# CHECK IT OUT!!!



## chafalota (Oct 17, 2010)

Someone suggested some soap molds,so I decided to try them and they're great!!!  Their called "NO LINER SOAP MOLDS" this is the webstore:www.http://cgi.ebay.com/soapmolds the man's name is Richard,360-910-1976 or 1877-890-0267.  They don't have rounded corners,unmold easily and easy to clean up.


----------



## babygirl (Oct 17, 2010)

can you repost the address please?


----------



## Deda (Oct 17, 2010)

I've always heard that MrDoRight Molds warp quickly, I hope you have better luck than others who have bought those molds.


----------



## chafalota (Oct 18, 2010)

Look on e-bay under "No Liner Soap Molds" and his store should come up.  He has alot of pictures you can see.  He gave me real good service.


----------



## Sunny (Oct 22, 2010)

Deda said:
			
		

> I've always heard that MrDoRight Molds warp quickly, I hope you have better luck than others who have bought those molds.



Same. Those are a lot of money to have warp.

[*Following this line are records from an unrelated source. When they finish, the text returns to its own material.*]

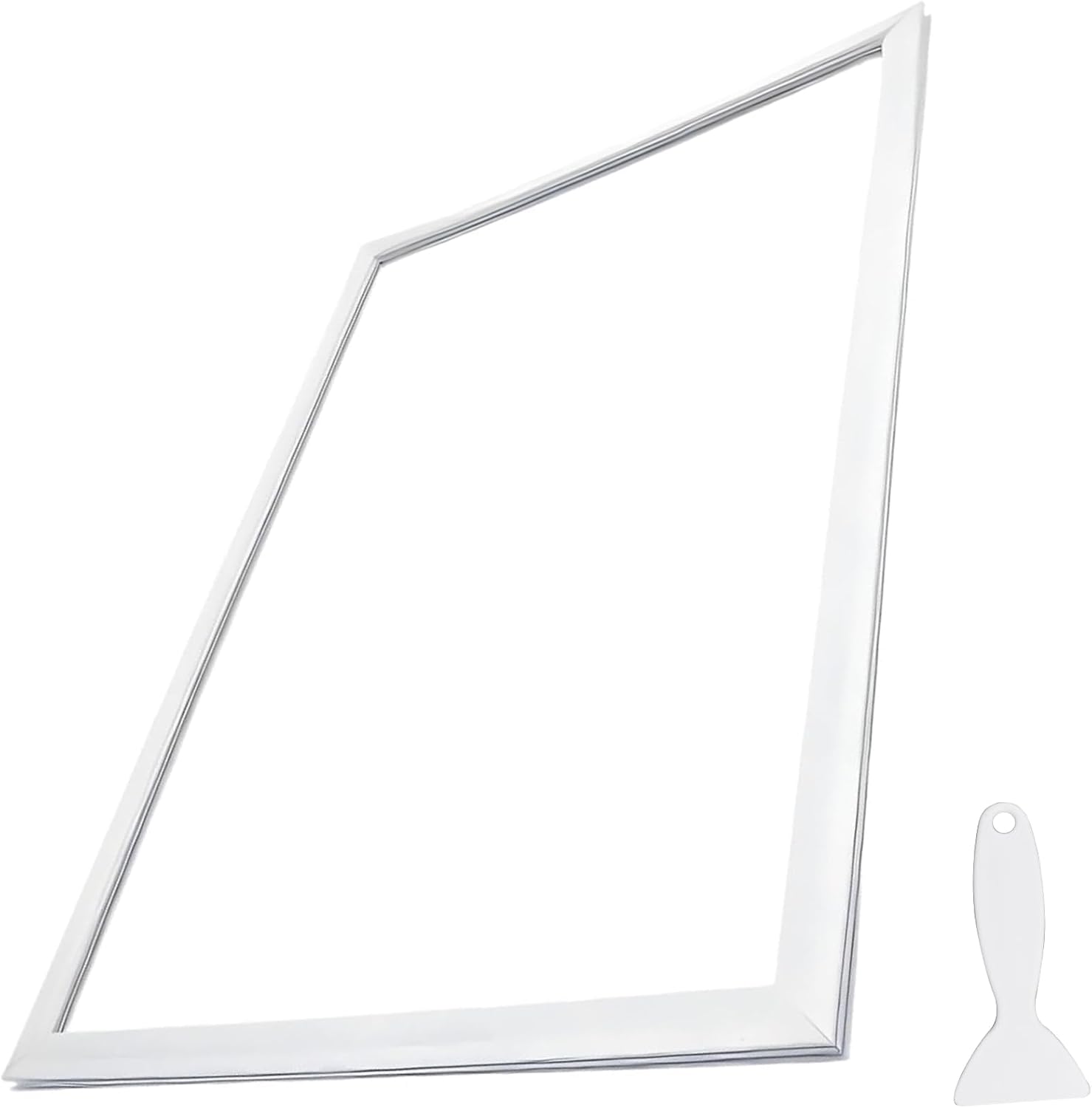 242193206 Refrigerator Door Gasket, Freezer Door Seal Fit for Frigidaire, Kenmore, Crosley, White-Westinghouse Refrigerators Replace AP5806733 PS949381 EAP9493819 (White)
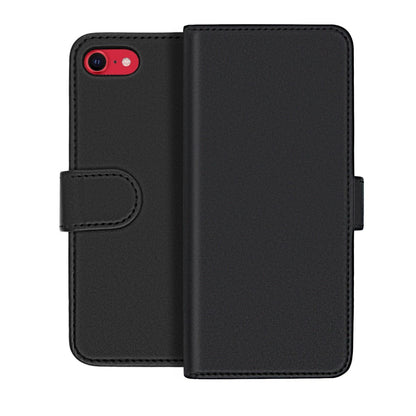 RV iPhone 7/8/SE 2020 FliP Magnetic FliP Stand TPU+PC Leather Case Black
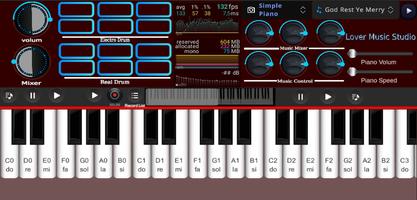 Org Piano:Real Piano Keyboard ภาพหน้าจอ 1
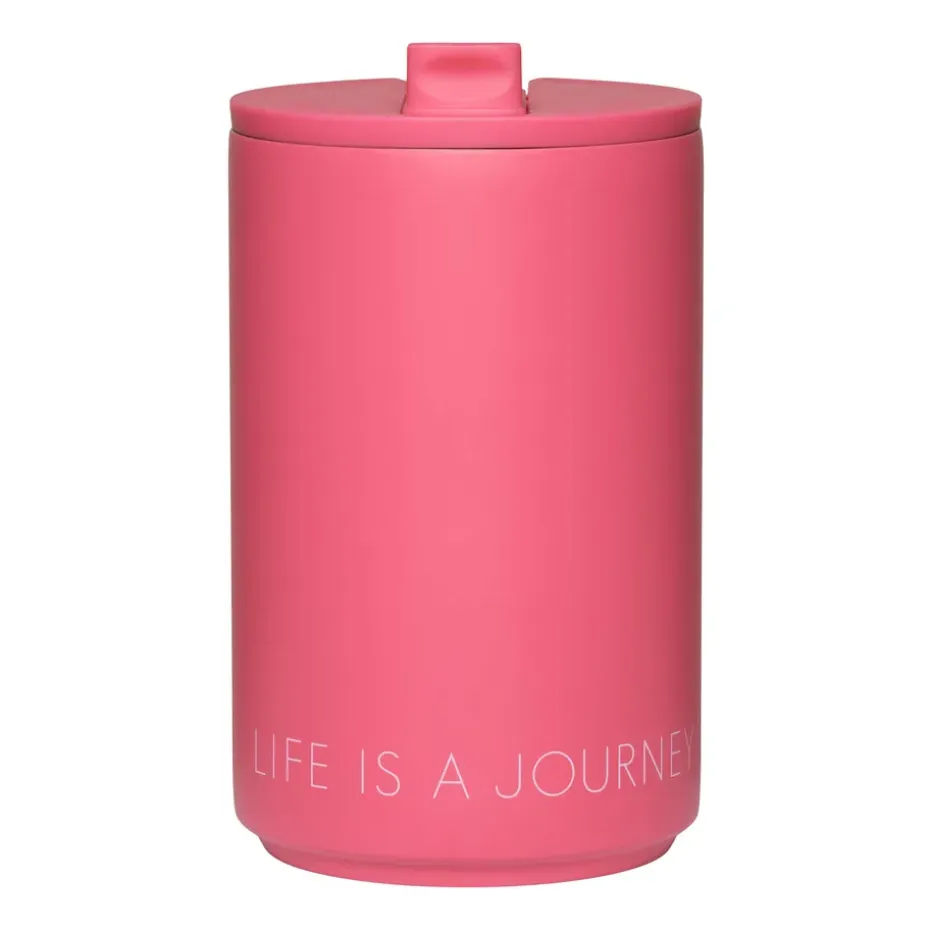 Tasse isotherme Design Letters, Cherry pink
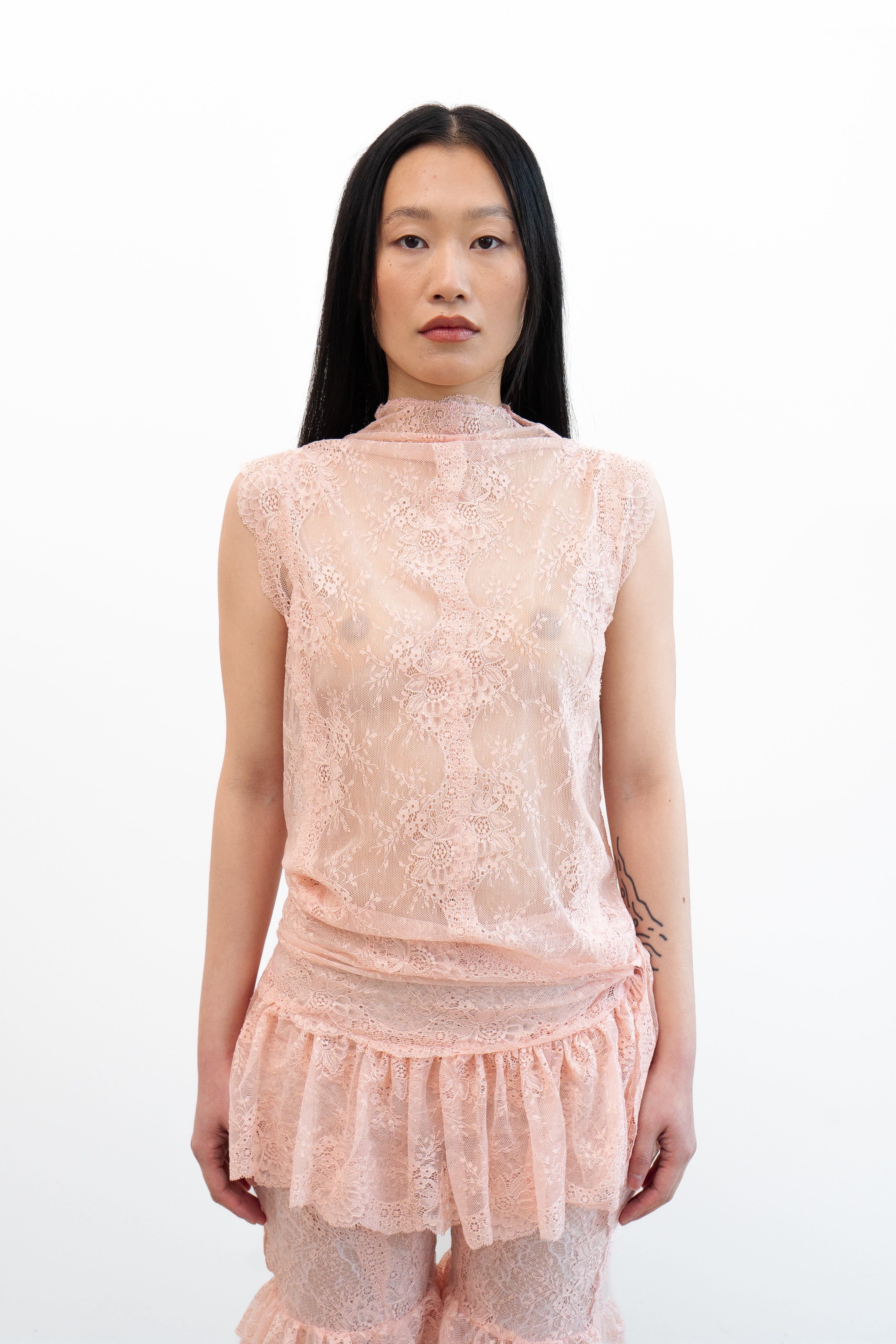 Alissa - Patchwork Lace Mini Dress
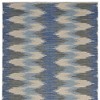 Blue and Cream Ikat Pattern Area Rug - 4 of 4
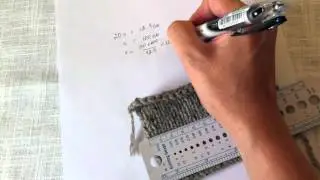 Calculating loops for knitting.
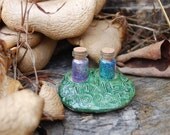 Enchanted Pixie Dust Vials with Ceramic Holder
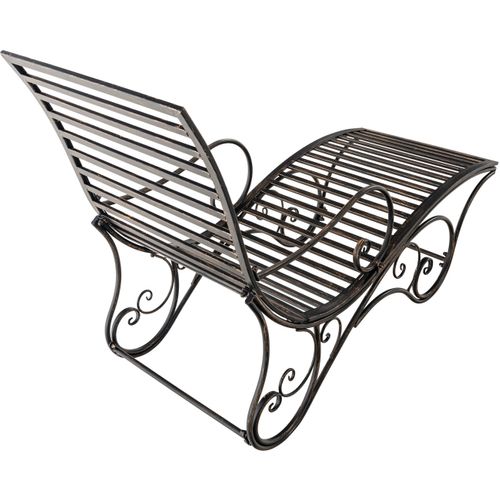 Chaise Longue Pour Jardin Amiens En Fer Forgé Bronze
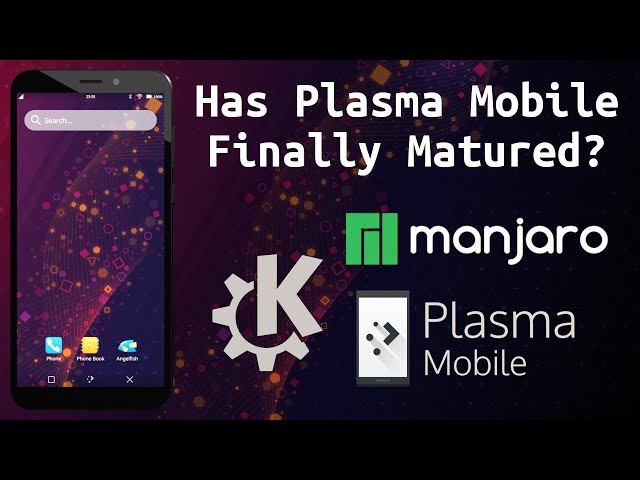 Plasma Mobile is Maturing Well (PinePhone OSes: Manjaro Plasma)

And I messaged him months ago asking if they would warp, I had heard from someone that they did warp, and I wanted to be able to get my money back if they did. He was instantly upset and wanted to know who I got the information from. I told him my info was from a forum.
The basic information I got from him (in all caps) was that I would not get my money back because if I used them properly then they wouldn't warp. hah.


----------



## carebear (Oct 22, 2010)

they warp with CP soap (MY experience).  don't know if they would with MP soap, though.


----------